Chamber Music Northwest
- Formation: 1971
- Founder: Sergiu Luca
- Location: Portland, Oregon, U.S.;
- Website: cmnw.org

= Chamber Music Northwest =

US non-profit organization

Chamber Music Northwest (CMNW) is an American non-profit organization in Portland, Oregon, dedicated to the performance and promotion of chamber music. In addition to its annual Summer Festival, the organization also presents individual chamber music concerts throughout the year, as well as educational and community engagement programs.

== History ==

CMNW was founded in 1971 by violinist Sergiu Luca. Clarinetist David Shifrin was the artistic director from 1981 to 2020. He was succeeded by spouses Gloria Chien (piano) and Soovin Kim (violin), who are also the co-artistic directors of the Lake Champlain Chamber Music Festival.

CMNW launched the concert series Protégé Project in 2010.

CMNW is a frequent commissioner of new music, premiering several new works by leading and emerging composers each year. A number of its commissions are available on recordings released by the Delos record label, including Spring Forward (2019) featuring new works by Peter Schickele, Richard Danielpour, and Aaron Jay Kernis, and Clarinet Quartets for Our Time (2019), featuring new works by Valerie Coleman, Chris Rogerson, and David Schiff. The organization regularly features many of the world's greatest chamber music performers and its performances are featured on NPR's Performance Today.

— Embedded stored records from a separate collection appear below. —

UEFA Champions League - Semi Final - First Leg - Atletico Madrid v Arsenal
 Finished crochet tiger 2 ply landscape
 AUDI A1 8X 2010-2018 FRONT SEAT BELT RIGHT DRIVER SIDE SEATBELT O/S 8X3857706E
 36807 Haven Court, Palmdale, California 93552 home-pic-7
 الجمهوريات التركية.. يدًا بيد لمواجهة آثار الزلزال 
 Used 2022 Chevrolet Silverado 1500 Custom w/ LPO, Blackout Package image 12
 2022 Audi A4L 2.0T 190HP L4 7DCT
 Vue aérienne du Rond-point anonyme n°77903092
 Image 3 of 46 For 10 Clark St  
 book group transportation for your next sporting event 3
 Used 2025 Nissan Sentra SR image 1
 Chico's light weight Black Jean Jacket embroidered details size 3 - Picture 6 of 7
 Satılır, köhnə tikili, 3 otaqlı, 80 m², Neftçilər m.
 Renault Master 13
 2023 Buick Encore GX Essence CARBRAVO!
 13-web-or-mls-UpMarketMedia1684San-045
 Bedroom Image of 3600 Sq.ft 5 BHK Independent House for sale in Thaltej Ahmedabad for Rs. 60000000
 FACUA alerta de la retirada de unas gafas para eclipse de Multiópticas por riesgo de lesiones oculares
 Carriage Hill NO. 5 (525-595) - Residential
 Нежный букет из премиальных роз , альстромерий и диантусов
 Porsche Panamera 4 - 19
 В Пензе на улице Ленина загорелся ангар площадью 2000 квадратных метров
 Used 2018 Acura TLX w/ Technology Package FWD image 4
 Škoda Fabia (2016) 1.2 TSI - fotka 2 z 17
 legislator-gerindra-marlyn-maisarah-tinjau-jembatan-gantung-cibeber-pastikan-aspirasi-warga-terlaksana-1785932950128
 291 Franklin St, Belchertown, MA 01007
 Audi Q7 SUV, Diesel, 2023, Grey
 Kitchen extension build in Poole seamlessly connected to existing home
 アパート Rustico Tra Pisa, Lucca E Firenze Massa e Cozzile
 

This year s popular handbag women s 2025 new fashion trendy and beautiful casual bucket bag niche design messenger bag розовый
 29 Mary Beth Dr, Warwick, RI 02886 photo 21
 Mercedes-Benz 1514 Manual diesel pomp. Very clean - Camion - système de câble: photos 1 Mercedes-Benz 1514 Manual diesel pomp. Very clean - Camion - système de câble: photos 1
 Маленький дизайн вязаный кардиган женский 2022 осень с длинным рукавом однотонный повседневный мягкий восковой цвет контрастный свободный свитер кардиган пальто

The organization's offices on Southwest Macadam Boulevard burned in January 2018. Sheet music and physical recordings (compact discs, vinyl) were lost in the fire, and CMNW used office space provided by BodyVox Dance temporarily. During the COVID-19 pandemic, CMNW hosted online classes taught by musicians in the ensemble during the pandemic.

=== Summer Festival ===
The organization's main presentation is its annual five-week Summer Festival, that occurs during the months of June and July. Performances are held at the Kaul Auditorium on the campus of Reed College and in Lincoln Hall at Portland State University, as well as other venues. The Oregonian has described Summer Festival as the city's "most ambitious summer classical event", as well as the largest chamber music festival in Oregon.

Performances were streamed online in 2020, during the pandemic; in-person performances resumed in 2021. The theme for the 2023 event was Poetry in Music; the festival featured the world premiere of "Gulistan" ("Flower Garden") by Kian Ravaei and other works by Mozart and Brahms. The 2024 event highlighted Beethoven.